Laura keeps telling me that she doesn’t think Al would ever hurt her. (She’s more worried about the dog, she says.) I have to think that if she really believed this she would not have called me before 7 am. She’s scared.
I tell her that she needs to get Al a medical check up. I am particularly concerned that he may have a urinary tract infection, which is often linked to aggressive behavior in those with dementia. She agrees he needs to go to the doctor, but she has no idea how to get him in the car. She doesn’t think he’ll go willingly.
Then I ask her if she’s checking into long term care options. There is a pause. The kind of pause where you wonder if the call has been dropped. Or if someone has hung up on you.
Finally, Laura tells me that she can’t do it. She can’t even think about Al living in a nursing home. He’s been a good husband and she will take care of him at home. She says he deserves that, and she promised their kids that he’d stay at home. She insists she’s doing okay. I point out that she wouldn’t have called me if she was doing okay. Dementia caregivers don’t call me to say they are doing fine.

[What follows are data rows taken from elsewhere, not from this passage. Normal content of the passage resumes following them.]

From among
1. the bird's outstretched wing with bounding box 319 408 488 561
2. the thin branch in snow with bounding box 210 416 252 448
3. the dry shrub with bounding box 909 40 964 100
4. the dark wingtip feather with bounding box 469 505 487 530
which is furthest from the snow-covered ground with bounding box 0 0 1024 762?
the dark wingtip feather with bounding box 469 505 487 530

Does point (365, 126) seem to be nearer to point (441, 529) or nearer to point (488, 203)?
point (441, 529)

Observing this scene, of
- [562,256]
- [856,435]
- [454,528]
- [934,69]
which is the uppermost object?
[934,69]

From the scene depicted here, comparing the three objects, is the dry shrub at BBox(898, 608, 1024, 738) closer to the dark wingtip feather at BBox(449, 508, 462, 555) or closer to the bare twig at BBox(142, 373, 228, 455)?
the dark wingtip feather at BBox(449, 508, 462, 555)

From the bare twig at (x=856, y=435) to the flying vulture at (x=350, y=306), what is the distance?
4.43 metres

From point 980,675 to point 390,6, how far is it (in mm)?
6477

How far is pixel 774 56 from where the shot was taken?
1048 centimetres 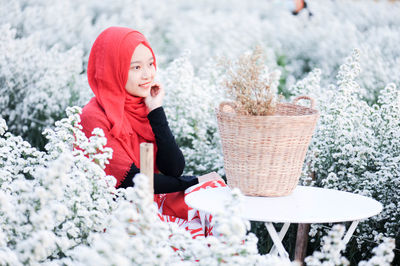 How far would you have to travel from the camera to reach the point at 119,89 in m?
2.80

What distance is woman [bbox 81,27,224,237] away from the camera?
8.87ft

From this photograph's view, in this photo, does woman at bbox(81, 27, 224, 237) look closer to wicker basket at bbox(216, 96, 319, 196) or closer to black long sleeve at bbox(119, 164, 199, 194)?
black long sleeve at bbox(119, 164, 199, 194)

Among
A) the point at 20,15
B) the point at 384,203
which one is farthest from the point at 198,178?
the point at 20,15

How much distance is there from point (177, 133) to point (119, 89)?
1.45 meters

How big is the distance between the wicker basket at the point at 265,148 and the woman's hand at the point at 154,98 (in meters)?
0.52

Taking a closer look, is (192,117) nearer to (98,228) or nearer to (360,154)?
(360,154)

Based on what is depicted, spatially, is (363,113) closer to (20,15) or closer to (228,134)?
(228,134)

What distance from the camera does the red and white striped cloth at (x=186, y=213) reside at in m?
2.70

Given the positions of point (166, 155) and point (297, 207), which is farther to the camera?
point (166, 155)

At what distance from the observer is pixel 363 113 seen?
11.7 feet

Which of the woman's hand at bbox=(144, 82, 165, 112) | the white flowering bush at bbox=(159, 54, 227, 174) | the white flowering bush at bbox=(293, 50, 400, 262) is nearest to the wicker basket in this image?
the woman's hand at bbox=(144, 82, 165, 112)

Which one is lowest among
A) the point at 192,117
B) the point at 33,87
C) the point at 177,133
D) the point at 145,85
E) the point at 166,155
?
the point at 177,133

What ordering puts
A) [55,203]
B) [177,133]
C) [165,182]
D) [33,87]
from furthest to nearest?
[33,87], [177,133], [165,182], [55,203]

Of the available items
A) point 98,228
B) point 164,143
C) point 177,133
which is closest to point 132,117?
point 164,143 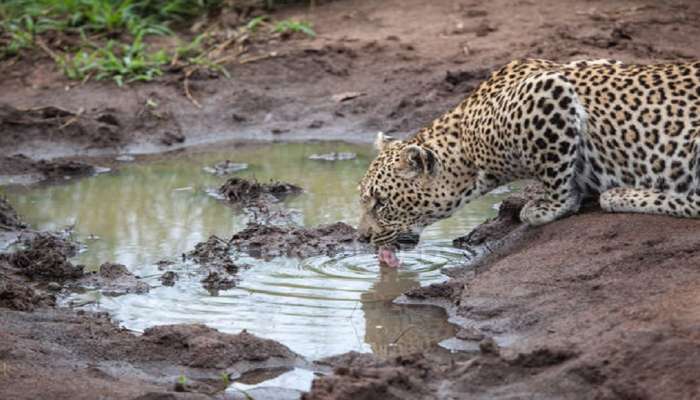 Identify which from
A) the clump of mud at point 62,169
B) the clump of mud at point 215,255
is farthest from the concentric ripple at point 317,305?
the clump of mud at point 62,169

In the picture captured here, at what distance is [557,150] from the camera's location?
9320 millimetres

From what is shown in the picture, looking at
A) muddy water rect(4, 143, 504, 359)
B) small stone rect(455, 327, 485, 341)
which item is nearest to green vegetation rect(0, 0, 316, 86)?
muddy water rect(4, 143, 504, 359)

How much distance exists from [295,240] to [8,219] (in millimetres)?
2719

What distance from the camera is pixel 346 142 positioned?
1521cm

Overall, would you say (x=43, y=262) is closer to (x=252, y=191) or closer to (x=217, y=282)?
(x=217, y=282)

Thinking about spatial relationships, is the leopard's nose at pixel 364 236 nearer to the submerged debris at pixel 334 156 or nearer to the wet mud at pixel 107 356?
the wet mud at pixel 107 356

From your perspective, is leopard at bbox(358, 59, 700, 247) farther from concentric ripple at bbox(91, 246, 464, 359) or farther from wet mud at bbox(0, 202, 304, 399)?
wet mud at bbox(0, 202, 304, 399)

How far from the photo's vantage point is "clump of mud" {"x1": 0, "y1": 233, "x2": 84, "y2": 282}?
10.1 m

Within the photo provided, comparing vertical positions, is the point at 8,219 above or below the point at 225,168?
above

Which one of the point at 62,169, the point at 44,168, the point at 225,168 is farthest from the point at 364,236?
the point at 44,168

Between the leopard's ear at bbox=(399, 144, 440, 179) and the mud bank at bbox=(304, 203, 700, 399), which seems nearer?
the mud bank at bbox=(304, 203, 700, 399)

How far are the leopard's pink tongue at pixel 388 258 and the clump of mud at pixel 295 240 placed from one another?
0.58 metres

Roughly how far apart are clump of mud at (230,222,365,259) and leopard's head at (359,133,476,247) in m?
0.60

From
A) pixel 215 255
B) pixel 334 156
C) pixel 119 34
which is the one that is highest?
pixel 119 34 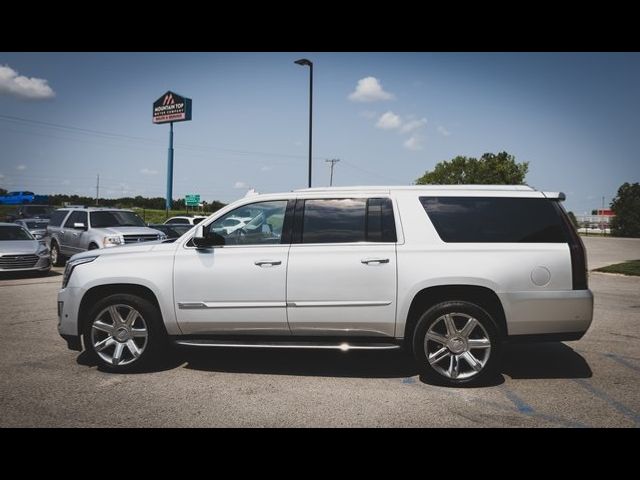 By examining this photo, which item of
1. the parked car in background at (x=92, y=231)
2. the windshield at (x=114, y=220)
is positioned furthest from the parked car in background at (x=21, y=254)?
the windshield at (x=114, y=220)

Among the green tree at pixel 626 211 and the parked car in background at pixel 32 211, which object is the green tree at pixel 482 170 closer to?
the green tree at pixel 626 211

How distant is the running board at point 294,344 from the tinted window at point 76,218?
1122 centimetres

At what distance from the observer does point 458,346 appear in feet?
15.0

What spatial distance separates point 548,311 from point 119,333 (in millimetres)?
4217

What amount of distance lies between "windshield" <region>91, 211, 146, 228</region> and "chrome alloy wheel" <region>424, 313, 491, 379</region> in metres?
12.2

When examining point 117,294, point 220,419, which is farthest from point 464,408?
point 117,294

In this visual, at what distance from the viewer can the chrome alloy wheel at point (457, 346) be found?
179 inches

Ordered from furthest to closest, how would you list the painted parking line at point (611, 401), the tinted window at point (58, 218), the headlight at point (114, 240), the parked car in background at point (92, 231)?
the tinted window at point (58, 218)
the parked car in background at point (92, 231)
the headlight at point (114, 240)
the painted parking line at point (611, 401)

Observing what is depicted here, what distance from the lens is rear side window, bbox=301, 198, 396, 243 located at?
475cm

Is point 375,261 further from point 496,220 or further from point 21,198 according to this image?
point 21,198

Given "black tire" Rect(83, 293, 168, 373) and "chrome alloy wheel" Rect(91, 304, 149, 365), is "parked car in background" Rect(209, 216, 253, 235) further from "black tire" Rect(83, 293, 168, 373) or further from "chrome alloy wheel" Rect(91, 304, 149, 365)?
"chrome alloy wheel" Rect(91, 304, 149, 365)

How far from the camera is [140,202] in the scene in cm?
9275

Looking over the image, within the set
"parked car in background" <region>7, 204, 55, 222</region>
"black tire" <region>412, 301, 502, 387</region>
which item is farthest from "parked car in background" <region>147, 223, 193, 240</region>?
"black tire" <region>412, 301, 502, 387</region> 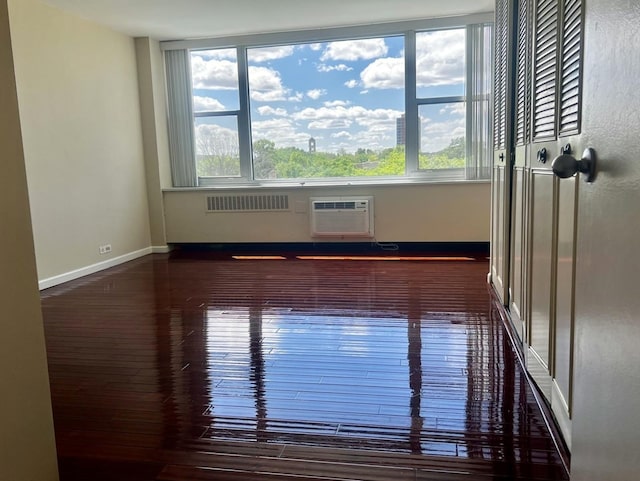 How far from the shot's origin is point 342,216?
19.3 feet

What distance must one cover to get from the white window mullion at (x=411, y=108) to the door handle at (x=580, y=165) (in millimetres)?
4975

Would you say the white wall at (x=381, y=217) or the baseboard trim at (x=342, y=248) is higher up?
the white wall at (x=381, y=217)

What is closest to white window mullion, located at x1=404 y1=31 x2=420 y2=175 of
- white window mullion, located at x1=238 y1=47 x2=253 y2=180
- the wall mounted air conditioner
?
the wall mounted air conditioner

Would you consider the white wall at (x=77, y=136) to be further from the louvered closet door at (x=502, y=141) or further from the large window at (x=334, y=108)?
the louvered closet door at (x=502, y=141)

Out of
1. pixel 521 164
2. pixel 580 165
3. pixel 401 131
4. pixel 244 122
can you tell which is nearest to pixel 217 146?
pixel 244 122

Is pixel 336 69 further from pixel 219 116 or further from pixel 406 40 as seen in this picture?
pixel 219 116

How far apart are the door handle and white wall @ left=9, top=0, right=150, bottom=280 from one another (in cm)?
438

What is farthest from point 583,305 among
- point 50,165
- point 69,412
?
point 50,165

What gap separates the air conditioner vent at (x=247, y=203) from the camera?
6.09 m

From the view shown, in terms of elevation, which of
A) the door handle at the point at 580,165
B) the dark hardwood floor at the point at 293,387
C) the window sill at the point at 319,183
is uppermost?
the door handle at the point at 580,165

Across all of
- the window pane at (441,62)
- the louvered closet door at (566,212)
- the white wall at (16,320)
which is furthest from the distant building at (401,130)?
the white wall at (16,320)

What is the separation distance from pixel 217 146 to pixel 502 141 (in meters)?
3.93

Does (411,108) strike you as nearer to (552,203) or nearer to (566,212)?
(552,203)

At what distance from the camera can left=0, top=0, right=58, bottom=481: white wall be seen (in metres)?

I tell Laura that Alzheimer’s is a cruel beast, and sometimes it forces us to make choices that we don’t want to make. Most people are not really excited about the idea of someone that they love going to a nursing home or memory care community, but sometimes it’s the decision we have to make. I’m concerned that he needs a level of care that can no longer be provided in home. And I’m concerned about her well-being and safety.
I tell her that she can’t continue to live like this. She’s not sleeping. She’s not eating. She says she’s sick to her stomach all the time. She’s particularly worried about him hurting the dog. She can’t have people over to the house because it seems to agitate him. And she can no longer leave the house because she’s not comfortable leaving him alone.
“I can handle him at home,” she says. “I mean, how long can this go on?” I have no idea if this is a question she wants me to answer or a rhetorical question. I answer anyway. I tell her it could actually go on for quite some time.
I give her some advice on community resources. I tell her not to be afraid to call the police if she has concerns about her safety or Al’s safety. We talk about support groups, but she doesn’t seem interested. I suggest she start checking into nursing homes and memory care communities. Although she earlier said she couldn’t do it, she says she’ll consider it. She might be appeasing me.
Then I hang up my phone and get back to drying my hair. I head to work and get on with my day. I’m not sure if what I said to Laura was even close to helpful. Yet I’m not sure what I could have said differently.
That evening I get a call from Laura. She tells me Al is in the psych ward. She is upset because she thinks they gave him too many sedatives when he arrived. In her words, he’s a zombie. She’s also frustrated because they used restraints when she didn’t feel it was necessary. A social worker told her that there’s no way she can take Al home. They need to talk about other options.
Yet, she also tells me she’s feeling relieved that he’s out of the house, and she’s excited to get a decent night’s sleep. In the next breath, she says she’s feeling guilty for feeling relieved.
I hang up the phone as my husband is getting home from the gym. I pour a glass of Riesling. We sit on the couch together and watch some mindless TV with our dogs. We both vent about work. We talk about the weekend plans we have with friends.
My mind drifts, and I wonder if there could ever be a day when my husband sees me as a stranger. Despite my experience with dementia, I can’t fathom it. I can’t wrap my mind around that possibility. It’s not something that could happen to us. Not now, not in five decades, not ever.
I can’t stop thinking about how cruel it is that fifty beautiful years of marriage must end this way for Al and Laura. I want Laura to have peace, but I can’t tell her how to get there. I can explain dementia, but I can’t help her make sense of it. Sometimes there isn’t a silver lining, and sometimes you come up empty in a search for meaning.